Bank for currency issues

Any central bank in the world is known as the bank of issue. Part III of CBO 1958 provides for

the Central Bank as sole currency issuing authority in the country. By this BNM can help the

country to attain effective supervision over legal tender money and control over credit

expansion in the banking system. The BNM commenced started to issue its own currency on

June 12, 1967. With this it replaced the board of Commissioners of Currency, Malaya and

British Borneo as the sole currency issuing authority. The Malaysian currency was renamed

ringgit and sen from dollar and cents under the Malayan Currency (Ringgit) Act 1975.

Banker and financial advisor to the government

The BNM acts as banker, fiscal agent and financial advisor to the government and to a

number of statutory authorities and state governments like Johor, Kedah, Perak, Pahang,

Penang, Sabah, Sarawak, Kelantan, Selangor, Melaka, Terengganu, and latest Negeri

Sembilan.
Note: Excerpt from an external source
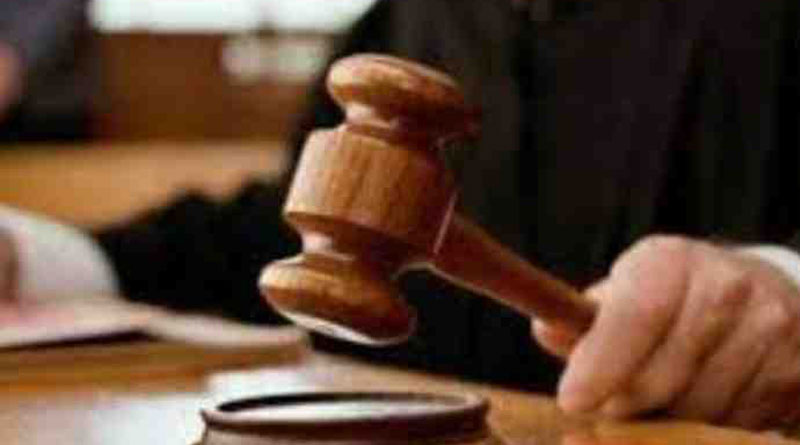 Complaint Against Mark Zuckerberg In UP Court For Using National Symbols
BNM has close co-operation with the government with the centralization of

government deposits with BNM starting April 1989. With this all government receipts for

example new issue of government securities, tax and dividend payments are placed

managed by BNM. The function of BNM as the banker and financial advisor to the

government can be classified by function of management of government accounts, source of

funds to government and management of the national debt.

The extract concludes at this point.